• gerard butler'ın oscarlara göz kırpmış olduğu film. oh hep bu tabiri kullanmak istemiştim. sözlük kızlarına da ben göz kırpıyorum.
  • filmin bitmesi akabinde, ''sen ne yaptın boş boş konuşmak dışında'' düşüncesini nazikce insanın kafasına sokan eser.
  • klişelerden ırak mı, pek değil; tatavalarla beyin mi yıkamaya çalışıyor, pek değil; adamı gaza getirmek için gereksiz müzik ve abartı hüzün mü oluşturuyor, kesinlikle değil..
    sonuçta ne çıkıyor, bir kült mü, elbette değil; ama başından sonuna kadar hiç sıkmadan, tüm gerçekleri gözüne sokuyor.

    ben bu yaşıma geldim, küçükken "afrika'daki çocuklar açlıktan ölüyor, o tabağını süpür hemen" diye yetiştirildim, ama kendimi bu kadar çaresiz hissedeceğimi düşünmezdim afrika ve dram konulu bir filmde. bana o çaresizliğin ne demek olduğunu anlattığı ve mutlu sona bağlamak için götünden sıkmadığı kurgusu için; filmi kesinlikle tavsiye ederim.

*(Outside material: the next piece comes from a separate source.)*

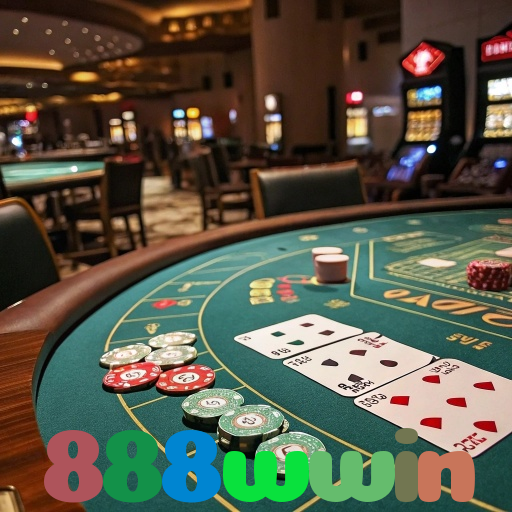 A Magia dos Jogos de Fantasia na 888wwin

    butler beyimiz de gayet güzel oynamış. ramboluk kısmını da kanımca abartmamışlar, elinde bıçak çatılardan atlayıp kimsenin sırtına inmiyor en azından; silahı alıyor sıkıyor etrafa.
    bir de; o sanat filmlerinde sırıtan sade sessizlikten var bu filmde birkaç tane, hiç biri sırıtmıyor ama bunların, acıtıyor.
  • (bkz: sam childers)
  • gerard butler'ın önlenemez düşüşünün tüm hızıyla devam ettiği net biçimde kötü bir film.
  • sam childers hakkında filmde hikayesinin ne kadar objektif anlatıldığını yorumlayacak bilgiye sahip değilim fakat filmin sonundaki konuşmasını dinledikten sonra, neden böyle bir soru sorduğunu merak ediyor insan.

    --- spoiler ---

    burada oturup bütün mazeretleri haklı çıkarmak benim yapabileceğim bir şey değil. fakat oradaki herkese bir şey sormak istiyorum, çocuğu abisi ablası ve ya kardeşi olan herkese. bugün çocuğunuz ve ya ailenizden biri kaçırılırsa, delinin teki gelirse, bir terörist gelirse ailenizden birini veya çocuğunuzu kaçırırsa ve ben size “çocuğunuzu eve getirebilirim.” dediysem; onu nasıl eve getirdiğimin bir önemi var mı?

    --- spoiler ---
  • ne sanat kaygısı, ne gişe kaygısı güdülerek yapıldığını düşünmediğim, adeta bir bağımsız film örneği.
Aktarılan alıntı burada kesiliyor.